All Web browsers are capable of certain basic tasks, like finding and loading new Web pages, and displaying them following HTML standards and conventions.
Web browsers consist of client software that runs on your computer and displays home pages on the Web. There are clients for a wide variety of devices, including Windows, Macintosh, and Unix computers.
Web browsers communicate with Web servers primarily using HTTP (hypertext transfer protocol) to fetch webpages. HTTP allows Web browsers to submit information to Web servers as well as fetch Web pages from them.
When a web browser talks to a web server, it uses something called a universal remote locator (URL). The web address, or URL (Uniform Resource Locator), that you type into the browser's address bar tells the browser where to obtain a page from.
When a user enters a URL into the browser and presses the enter key, the web browser looks at the prefix before the colon and determines what protocol to use. It then looks at the text after the colon to figure out what server to communicate with.
Every server on the Internet has a unique IP Address. The Web browser then requests that the Domain Name Server (DNS) locate the required website. The browser accepts from the DNS (or host server), via the file transfer protocol (FTP), the website information; and then transfers this information to the user's computer. Next the browser evaluates the system requirements, of the user's computer, to determine if it is compliant with the information from host server. The browser then uses HTML to displays the Web page (images and/or text) onto the screen for the Internet user to view.

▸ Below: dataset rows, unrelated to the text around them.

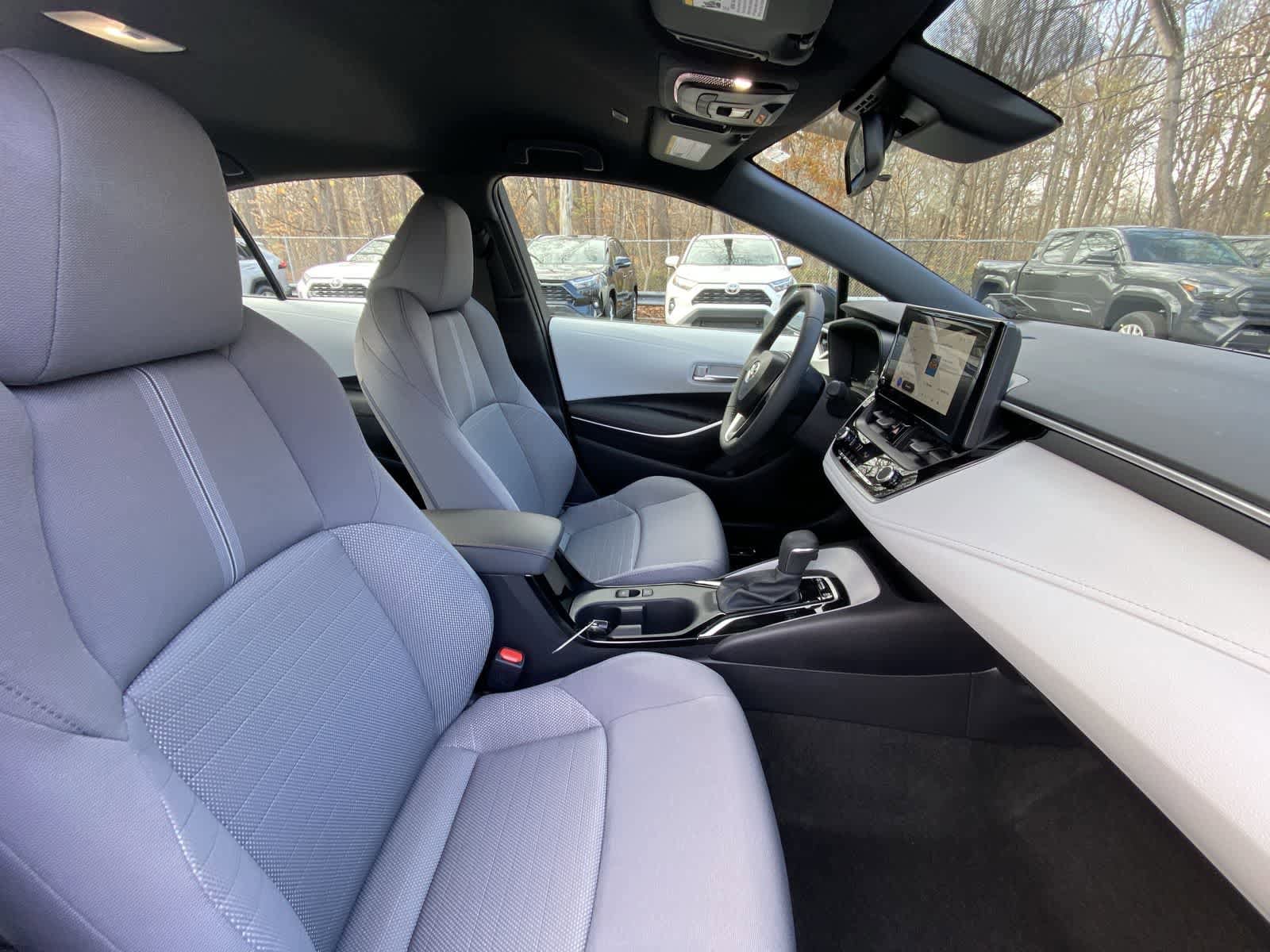 Thumbnail: 2025 Toyota Corolla - 25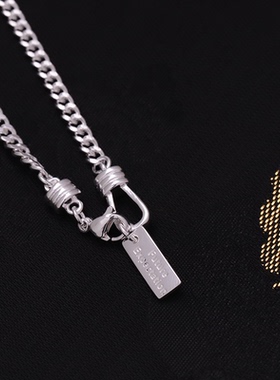 日韩简约小众侧身项链长方牌字母尾牌锁骨链送闺蜜女友日常百搭款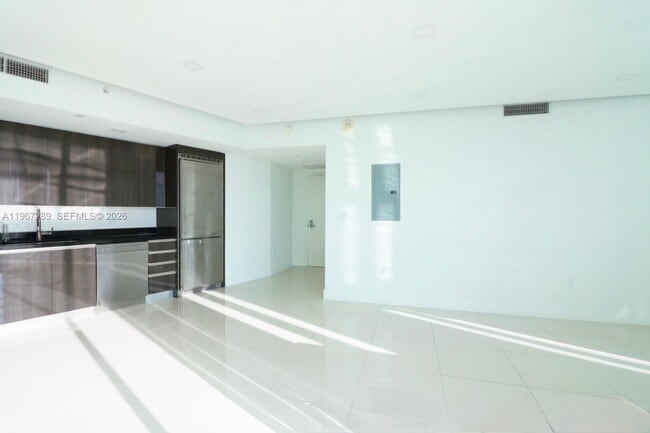 Building Photo - 92 SW 3rd St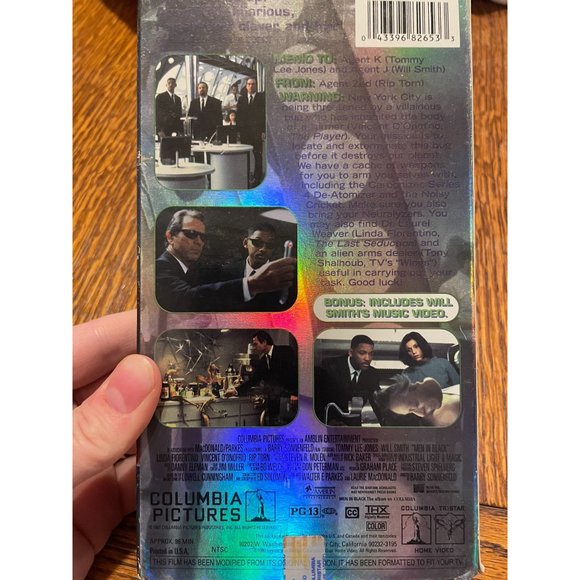 Men In Black VHS, Will Smith and Tommy Lee Jones - Picture 2 of 4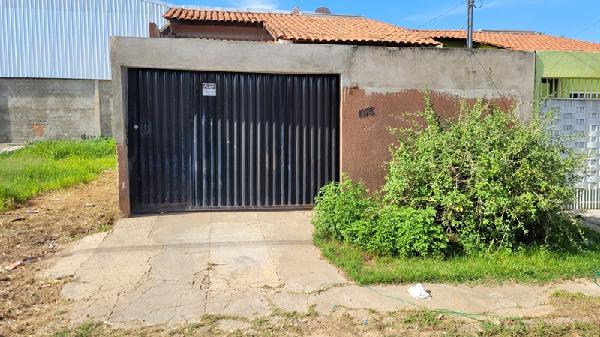 Casa em Luís Eduardo Magalhães, Lot Florais Lea Ii, Rua Carmem Miranda, N. 1075, Quadra 24 Lot 09c, BA. Área: 68.1m2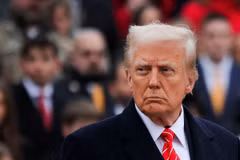 Tổng thống đắc cử Donald Trump tới dự lễ chúc mừng lễ nhậm chức nhiệm kỳ mới tại Arlington, Virginia (Mỹ) ngày 19/1/2025. (Ảnh: Reuters/TTXVN)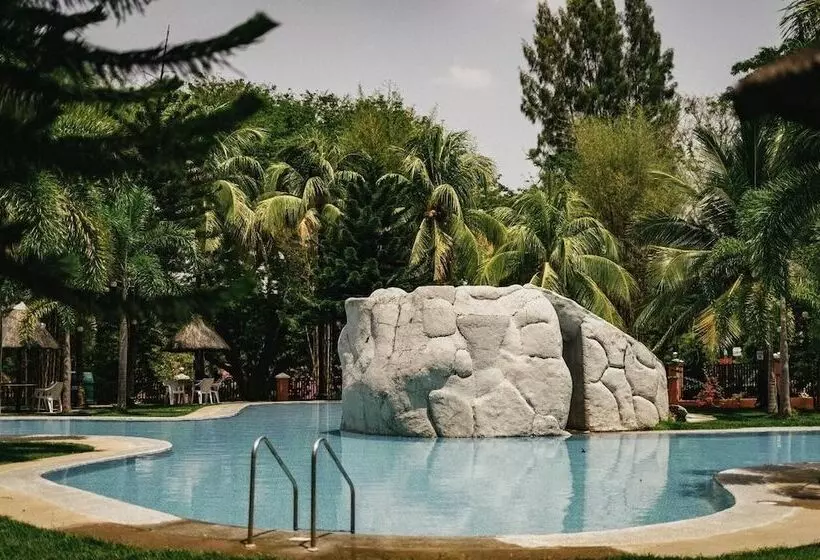 Hotelli Emerald Manor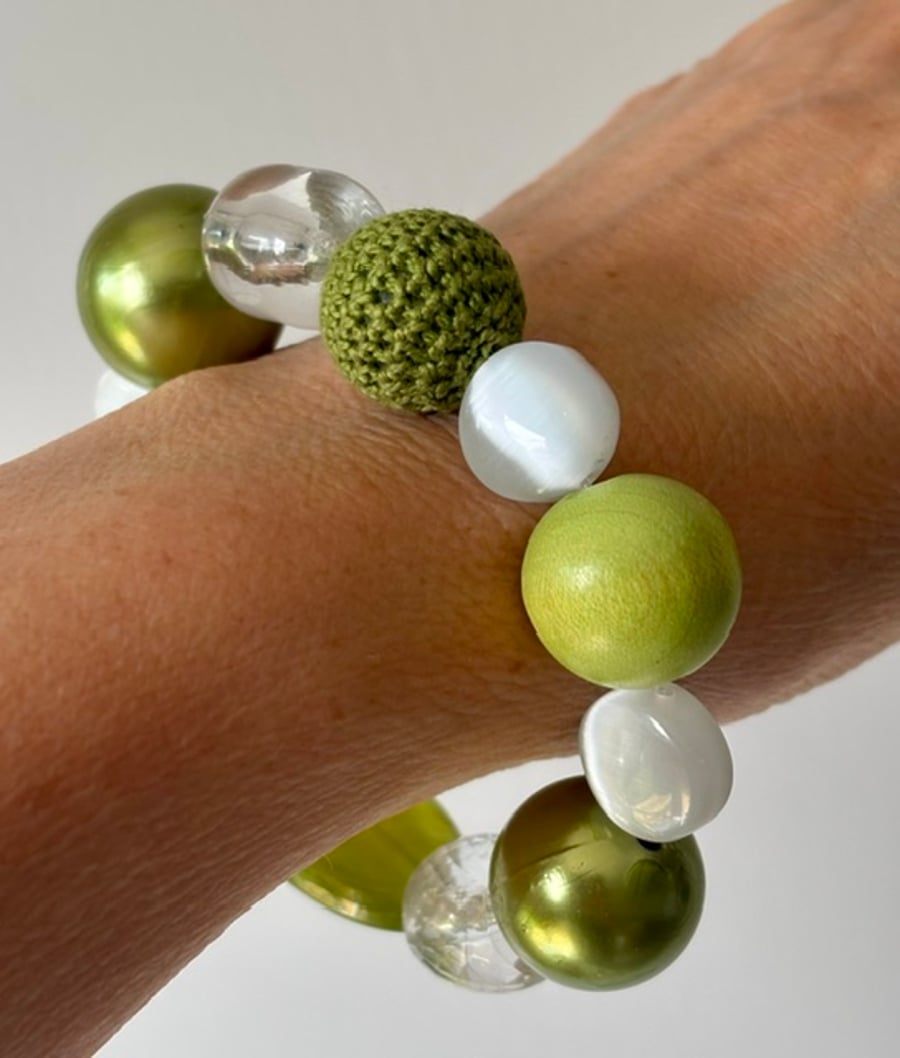 Lovely Summer Green And White Chunky Bracelet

For example, you typed the following URL into the browser's address bar: http://www.universalteacherpublications.com/java/ebooks.htm
In this case, you're attempting to reach the Java section of universalteacherpublications.com. The browser looks at this particular URL in two main sections. The first is the protocol, which is "http://" then the browser will know that it is talking to a web server by using the http as the protocol. Since the browser now knows that the protocol is HTTP, it knows how to interpret everything located to the right of the forward slashes. It also knows that it is talking to universalteacherpublications.com and is asking for the file ebooks.htm. Since we did not define a port to use, the browser assumes that port 80 is the default port used to exchange data with the web server.